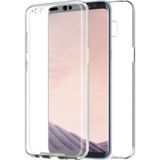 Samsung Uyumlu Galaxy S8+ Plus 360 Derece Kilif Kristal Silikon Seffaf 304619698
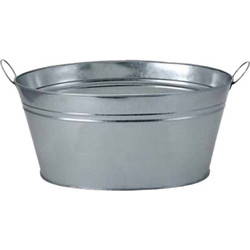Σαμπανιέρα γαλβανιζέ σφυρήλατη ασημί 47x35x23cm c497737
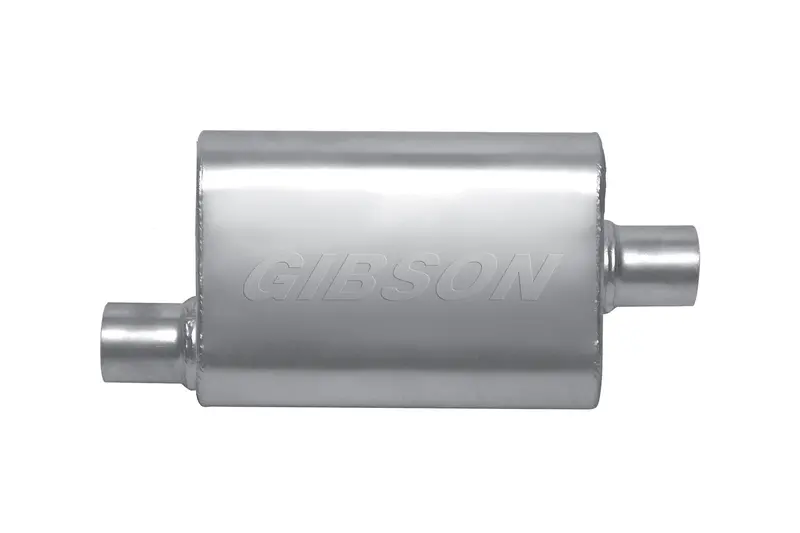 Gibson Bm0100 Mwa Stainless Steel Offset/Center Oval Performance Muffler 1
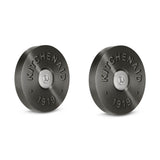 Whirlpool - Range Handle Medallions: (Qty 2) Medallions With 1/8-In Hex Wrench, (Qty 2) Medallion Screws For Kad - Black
==
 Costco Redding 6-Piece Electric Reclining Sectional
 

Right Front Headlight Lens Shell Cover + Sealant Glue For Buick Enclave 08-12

* **Work item**:
Above this task is a listing with pictures in it. Retype only the lines from the one containing "Gibson Bm0100 Mwa" through the one containing "Whirlpool - Range", both included, and not the pictures.

* **Finished exercise**:
 Gibson Bm0100 Mwa Stainless Steel Offset/Center Oval Performance Muffler 1
 Whirlpool - Range Handle Medallions: (Qty 2) Medallions With 1/8-In Hex Wrench, (Qty 2) Medallion Screws For Kad - Black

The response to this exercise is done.